With how badly the general public want to toss their screens aside and return back to their physical worlds, it would be easy for other organizing groups to overlook what’s been built up as a “pandemic-era” tactic of outreach and in their rush to reclaim what they’ve lost and capitalize on all that’s to gain, leave parts of their audience base behind.

This is why Civilian Soiree being a community is so crucial to how they operate.

“Just because now we have the ability to have physical space, we don’t want to forget everybody that was into [our online platform]… We can’t like forget all of that… That’s a big part of what makes us tick, what we are right now,” Tanveer establishes.

Noel shares his notions. He speaks about how people’s earnest to speak of the pandemic, and all aspects of it, in retrospect may push us to leave behind something best reckoned with.

“We have to admit the things that worked in a COVID world. Those are the only things we could take over,” Eman says. “Everyone [says] they want to leave these virtual spaces… [But] maybe they have some sort of permanence. I do think the post COVID world really emphasizes more of the dynamic of, you can do anything, if you can just find whatever a person is passionate about, and really get them on board with that.”

My time spent watching the “Sounds of the Small Plant” streams were the most communal moments I had in my home while quarantining. I didn’t feel disengaged by the online format like I had with all other realms of engagement I was experiencing. I didn’t feel aimless and isolated in my passions as I did in the garden. 

I had something I was passionate about taking place and I had people to share that passion with. 


At a time where it felt so easy to be alone I had found community.

As it stands now, there’s no clear answer as to what Civilian Soiree will cultivate next, or what kind of in-person or online iteration that it will take. But being too earnest about the future distracts from what we should be taking away from the moment. There is no attention to detail in projecting ahead. But there is a host of excitement.

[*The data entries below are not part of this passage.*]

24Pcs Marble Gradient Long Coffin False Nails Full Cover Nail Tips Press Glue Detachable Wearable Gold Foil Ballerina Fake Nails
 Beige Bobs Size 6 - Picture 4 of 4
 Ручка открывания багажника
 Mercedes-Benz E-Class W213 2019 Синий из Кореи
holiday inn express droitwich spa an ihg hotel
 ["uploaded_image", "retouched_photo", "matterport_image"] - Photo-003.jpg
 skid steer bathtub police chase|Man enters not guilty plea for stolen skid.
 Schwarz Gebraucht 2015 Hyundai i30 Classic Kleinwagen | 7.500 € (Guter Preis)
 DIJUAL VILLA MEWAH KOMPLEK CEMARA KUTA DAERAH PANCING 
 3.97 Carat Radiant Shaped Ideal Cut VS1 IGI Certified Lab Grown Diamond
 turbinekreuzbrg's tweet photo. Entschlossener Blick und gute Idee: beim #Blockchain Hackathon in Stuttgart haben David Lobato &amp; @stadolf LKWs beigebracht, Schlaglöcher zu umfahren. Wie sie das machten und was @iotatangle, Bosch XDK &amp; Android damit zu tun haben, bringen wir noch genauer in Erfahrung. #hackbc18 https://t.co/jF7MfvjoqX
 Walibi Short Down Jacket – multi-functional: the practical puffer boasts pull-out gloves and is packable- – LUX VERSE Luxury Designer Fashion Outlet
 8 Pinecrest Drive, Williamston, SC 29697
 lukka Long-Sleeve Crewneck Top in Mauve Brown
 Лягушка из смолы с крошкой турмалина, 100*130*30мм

“One of the coolest things about this whole thing is if people were willing to hop on a zoom, I’m just excited to see how we’ll be about coming out to a physical space where there’ll be, interacting with people and have a more humanistic experience… I love everything that we learned here, but I’m so excited to see where this grows,” Ryan beams.

The morning after opening my ears to the sounds of the small plant for the first time, I returned to my garden, and could hear my own plants clear as day for the first time.